■ What is required
Lines from the one containing "this 320×180 image." through the last line of the data are to be returned exactly, both ends included, minus any pictures.

[Dataset items]
- - - -

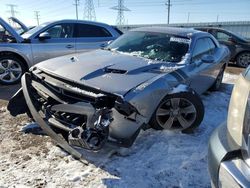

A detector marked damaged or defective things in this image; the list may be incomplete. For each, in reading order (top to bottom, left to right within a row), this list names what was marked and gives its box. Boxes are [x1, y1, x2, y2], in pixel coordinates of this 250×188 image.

detached bumper piece [20, 72, 114, 161]
damaged front end [7, 69, 146, 159]
crumpled hood [35, 49, 180, 95]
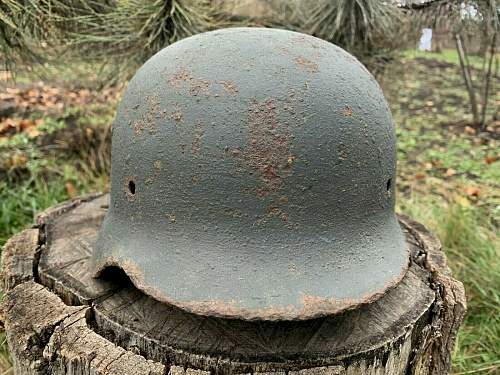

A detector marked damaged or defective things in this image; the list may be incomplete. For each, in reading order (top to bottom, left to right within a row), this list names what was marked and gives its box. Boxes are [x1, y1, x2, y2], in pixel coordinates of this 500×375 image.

rust patch [294, 56, 318, 73]
rusted steel helmet [94, 27, 410, 320]
rust patch [245, 100, 292, 198]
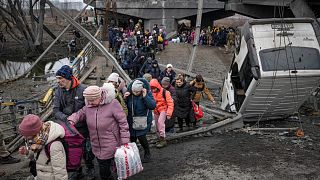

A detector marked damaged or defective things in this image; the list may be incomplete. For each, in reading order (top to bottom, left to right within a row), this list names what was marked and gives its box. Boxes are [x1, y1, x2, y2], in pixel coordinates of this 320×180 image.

bent metal pole [0, 0, 95, 84]
bent metal pole [46, 0, 131, 83]
damaged van [221, 18, 320, 121]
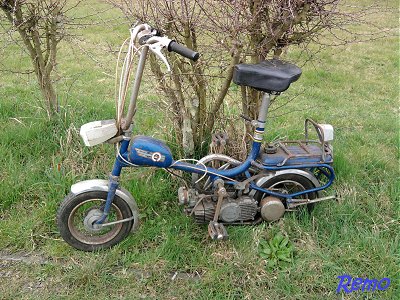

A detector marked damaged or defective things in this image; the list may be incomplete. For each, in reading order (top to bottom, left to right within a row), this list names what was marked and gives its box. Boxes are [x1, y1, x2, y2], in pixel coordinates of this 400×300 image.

- - - -

■ The answer
A detector marked damaged or defective things in this image; the list may be incomplete. For each, in reading order (top to bottom, left to right within a row), this list names what was marked and gives its box. Boxes are [x1, y1, x2, y2], in pixel coordinates of this 320×180 image.

bent metal pole [0, 0, 95, 84]
bent metal pole [46, 0, 131, 83]
damaged van [221, 18, 320, 121]

A detector marked damaged or defective things in this image; the list may be incomplete. For each, in reading order (top to bottom, left to right within a row), this list names what was marked and gives its box. Boxes are [x1, y1, x2, y2], in pixel coordinates of this 400×300 image.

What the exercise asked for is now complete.